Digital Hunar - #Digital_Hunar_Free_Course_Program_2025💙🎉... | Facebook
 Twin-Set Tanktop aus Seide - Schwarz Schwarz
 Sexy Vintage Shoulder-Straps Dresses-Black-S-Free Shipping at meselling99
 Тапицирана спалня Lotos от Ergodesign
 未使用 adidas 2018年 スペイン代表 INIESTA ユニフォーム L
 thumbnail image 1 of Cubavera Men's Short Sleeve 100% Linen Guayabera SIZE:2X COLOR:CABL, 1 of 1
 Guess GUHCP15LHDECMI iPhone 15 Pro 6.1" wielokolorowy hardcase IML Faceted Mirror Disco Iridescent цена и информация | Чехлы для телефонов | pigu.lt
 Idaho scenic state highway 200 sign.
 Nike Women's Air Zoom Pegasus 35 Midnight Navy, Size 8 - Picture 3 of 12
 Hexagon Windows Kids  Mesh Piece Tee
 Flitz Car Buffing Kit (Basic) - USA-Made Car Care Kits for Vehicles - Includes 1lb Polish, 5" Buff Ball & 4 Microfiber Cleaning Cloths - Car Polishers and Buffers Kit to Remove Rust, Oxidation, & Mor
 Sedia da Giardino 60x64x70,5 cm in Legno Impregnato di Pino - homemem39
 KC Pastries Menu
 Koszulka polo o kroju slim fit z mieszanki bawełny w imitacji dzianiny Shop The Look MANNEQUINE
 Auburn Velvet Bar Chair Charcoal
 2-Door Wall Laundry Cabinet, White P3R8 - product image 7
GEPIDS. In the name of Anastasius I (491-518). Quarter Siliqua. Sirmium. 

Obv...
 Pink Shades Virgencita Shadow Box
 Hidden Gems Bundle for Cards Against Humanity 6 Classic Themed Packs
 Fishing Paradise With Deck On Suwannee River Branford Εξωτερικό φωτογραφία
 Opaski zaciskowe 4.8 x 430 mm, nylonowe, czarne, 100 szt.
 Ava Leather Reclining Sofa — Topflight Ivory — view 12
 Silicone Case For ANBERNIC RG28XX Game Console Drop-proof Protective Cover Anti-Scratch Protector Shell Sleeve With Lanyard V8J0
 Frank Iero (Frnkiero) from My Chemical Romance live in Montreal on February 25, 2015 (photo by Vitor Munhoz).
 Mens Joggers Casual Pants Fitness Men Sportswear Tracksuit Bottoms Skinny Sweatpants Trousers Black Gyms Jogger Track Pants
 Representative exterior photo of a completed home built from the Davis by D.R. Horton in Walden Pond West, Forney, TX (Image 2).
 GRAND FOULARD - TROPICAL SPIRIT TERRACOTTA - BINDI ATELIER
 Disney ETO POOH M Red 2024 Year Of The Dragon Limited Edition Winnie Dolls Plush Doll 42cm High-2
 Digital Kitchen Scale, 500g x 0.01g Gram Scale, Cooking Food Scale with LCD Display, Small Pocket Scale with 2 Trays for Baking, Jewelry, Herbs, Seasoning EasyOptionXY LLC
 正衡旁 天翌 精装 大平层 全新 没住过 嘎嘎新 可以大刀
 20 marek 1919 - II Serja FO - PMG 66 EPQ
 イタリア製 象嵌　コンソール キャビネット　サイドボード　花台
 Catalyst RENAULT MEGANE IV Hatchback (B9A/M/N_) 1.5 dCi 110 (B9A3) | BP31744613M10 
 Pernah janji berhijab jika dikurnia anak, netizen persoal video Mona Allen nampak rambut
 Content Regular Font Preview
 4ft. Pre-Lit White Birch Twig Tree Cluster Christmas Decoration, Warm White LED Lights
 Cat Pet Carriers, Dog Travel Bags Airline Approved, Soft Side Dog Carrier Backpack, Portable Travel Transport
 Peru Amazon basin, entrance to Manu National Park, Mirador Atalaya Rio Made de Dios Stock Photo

Exercise details -> Each line above with the word "Sleeve" needs to be copied.

Expected output ->
 thumbnail image 1 of Cubavera Men's Short Sleeve 100% Linen Guayabera SIZE:2X COLOR:CABL, 1 of 1
 Silicone Case For ANBERNIC RG28XX Game Console Drop-proof Protective Cover Anti-Scratch Protector Shell Sleeve With Lanyard V8J0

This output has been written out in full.